Personal information
- Born: 13 April 2008 (age 17)

Team information
- Discipline: Road
- Role: Rider

Medal record
Representing Uzbekistan
Women's para-cycling
Road World Championships
| Silver medal – second place | 2025 Ronse | Time trial T1 |
| Silver medal – second place | 2025 Ronse | Road race T1 |
Asian Para Road Cycling Championships
| Gold medal – first place | 2025 Phitsanulok | Road race T1 |
| Silver medal – second place | 2025 Phitsanulok | Time trial T1 |

= Marjona Pardaboyeva =

Uzbekistani para-cyclist (born 2008)

Marjona Pardaboyeva (born 13 April 2008) is an Uzbekistani para-cyclist who competes in the T1 category.

==Career==
Making her Road World Championships debut, Pardaboyeva competed at the 2024 edition in Zurich in the road race and time trial T1 events, where she finished in sixth and last place in both of them.
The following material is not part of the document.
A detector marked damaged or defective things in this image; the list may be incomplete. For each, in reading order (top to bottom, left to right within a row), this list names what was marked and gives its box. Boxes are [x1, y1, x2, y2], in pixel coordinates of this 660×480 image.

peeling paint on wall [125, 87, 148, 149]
Pardaboyeva competed in the Asian Para Road Cycling Championships in February 2025, winning gold in the road race and silver in the time trial. In May, she won the bronze medal in time trial and road race events in the Maniago round of the Road World Cup. She made her return to the Road World Championships, where she competed at the 2025 edition in Ronse. She won a silver medal in the time trial T1 event with a time of 0:48:59, finishing behind Marieke van Soest. She also competed in the road race in the same category where she won the silver medal, once again finishing behind van Soest.